Much of the time the stories are drawn from true life characters that inhabited the rough and tumble towns from South Dakota to Montana, in one piece an actual poem adaptation of “My Papa’s Waltz” written in 1942 by Theodore Roethke gives a picture from a child’s view of dealing with a drunkard Father. This is serious if not sometimes picturesque stuff that shows off a muse steeped in history and forgotten lives.
Gillian Howe, from Bozeman, Montana and Tyler Ryan Miller, who after leaving Arizona State University where he had completed a few semesters studying Jazz guitar, met working at a local brewery in Portland, Oregon where they were both drawn to the local music scene and started what became Tumbledown House.
Tyler said “When we started looking at each others’ music, we were both writing the common themes of introspection associated with the Portland Indie Scene, I was really into the Elliott Smith- Nick Drake thing, but, when we started writing together a whole new thing came out. Gillian had all these great stories and I just concentrated on the music.”

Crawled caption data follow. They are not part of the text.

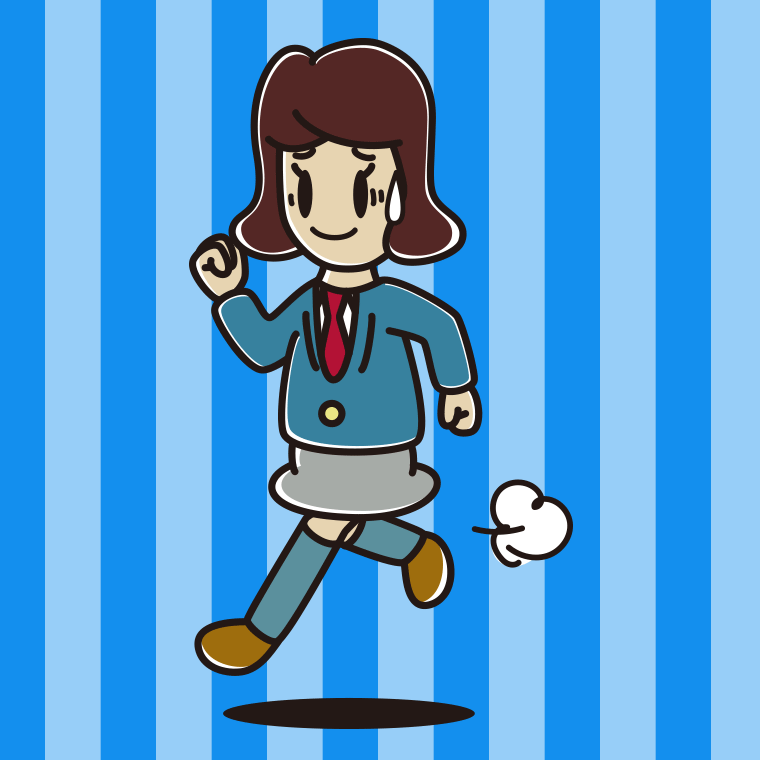 苦笑いしながら走る女子高校生のイラスト【色、背景あり】PNG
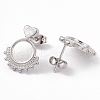Non-Tarnish 304 Stainless Steel Stud Earring Findings EJEW-G338-02P-2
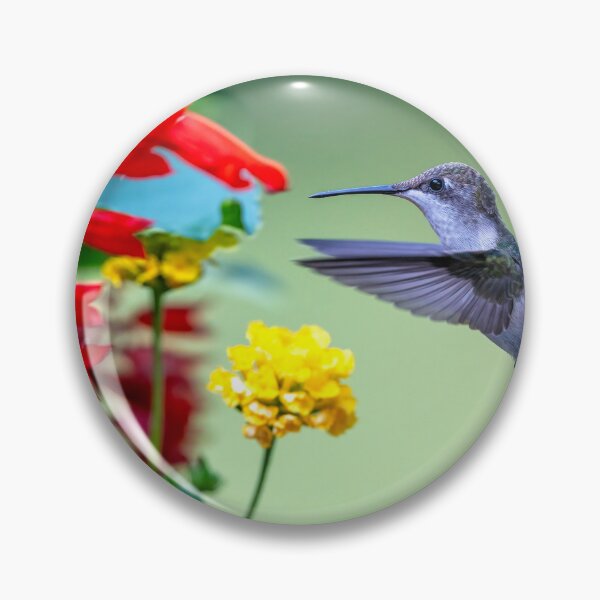 Item preview, Hummingbird hovers by red flowers designed and sold by Craig Sterken.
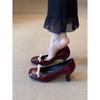 Bow Gentle Wind Light Mouth Round Head Commuter Coarse Heel Mary Jane Single Shoes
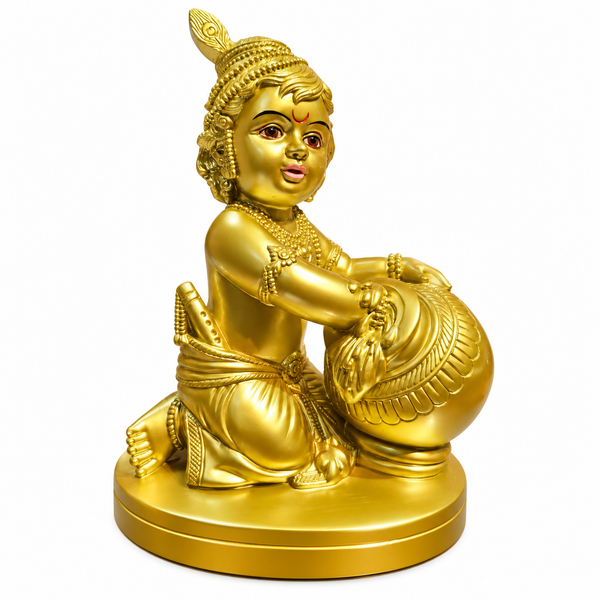 Baal Krishna With Makhan Handi Idol Gold Colour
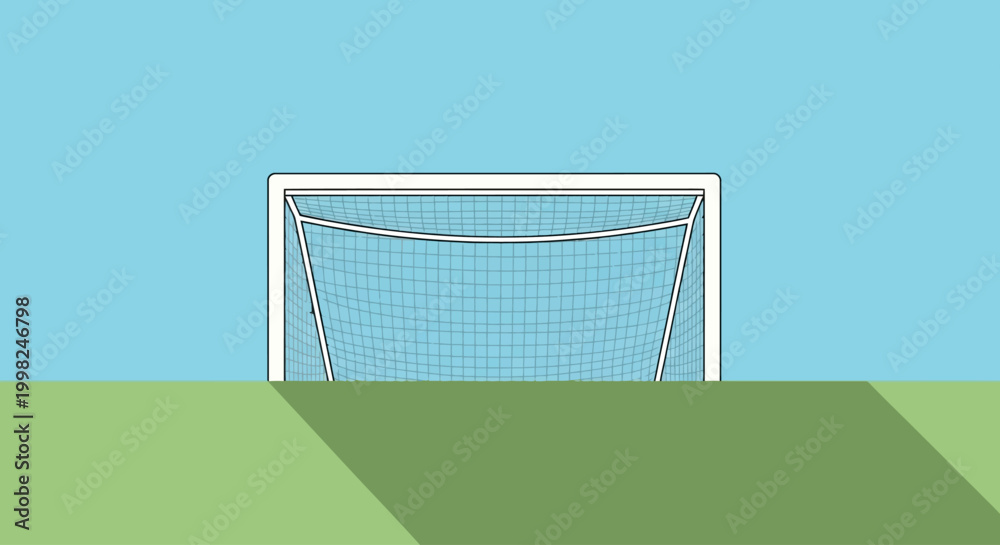 Fototapeta premium Football goal on green field with blue sky background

Gillian: “It was like Tyler could read my mind. He could play what I was hearing in my head. I didn’t have to have to deal with my basic guitar playing, Tyler was able to bring the song to life and I could concentrate on the lyrics.”
The lyrics although they seem to be written about true life stories about people like “Lazy Susan” in the song “Sweaty Tennessee” they are both drawn on real life facts and fiction as well. “ The song “Brothers McGhee” has true characters based on a story featured at the end of the song about Stick McGhee from Kingsport, Tennessee and I was able to create a fictional story at the beginning that just lead into the true to life story at the end.”
Their first self titled disc on Silent Coyote Music features fine guitar work by Tyler with complex jazz chords, but not in a modern style, with hints of Ragtime and Thirties era Jazz.”I’m a big fan of John Schofield and especially Kurt Rosenwinkel, he can hear melodies in his head, but you wouldn’t know I was into that because it’s not reflective of what I am doing now but I reach into my background to do what I am doing now.”
There are various players on the album with one real standout being Clay Scott on violin with the haunting lines that sound like they were recorded during Robert Johnson’s days in a hotel in New Orleans much like the early Blues and Jazz sides in the Twenties and Thirties.”
Although new technology was used to record the disc, “We sent the files to Massachusetts for Justin Kipp to do his drum tracks and the album was mastered in Brooklyn, New York by Paul Gold who did Grizzly Bear’s Yellow House which is one of my favorites”, the lyrics and feel for the most part bring out the 1800’s American Boomtown stories and their colorful lives.
The next album is going to have more of a big band feel drawing musicians from the local Arizona scene as well as a new song drawn from a famous shrine in Tucson; El Tiradito Shrine also known as the “Sinners Shrine” it is now marked as a Tucson Historical Site.
Gillian: “Everybody sticks a prayer in a hole in the wall and prays for the sinner in their life. It saved the whole Barrio because a highway was suppose to go through there and they marked it as a Historical Site. When you go through there at night there are candle lights flickering form all the lit candles and it is beautiful. We wrote “Little Castaway” about that place.”
Although this will be their first official dates in Tennessee they did get the opportunity while passing through Nashville to play at The Bluebird Café open mic night. Two of the songs on the album, “Sweaty Tennessee” and “Brothers McGhee” both tell tales about Tennessee people.
Tumbledown House’s official showcase will be Friday at 6:30 in the Knoxville Room of the Memphis Downtown Marriott, but if you are not able to make it, they will also be playing several times between Wednesday February 16th and Saturday the 19th.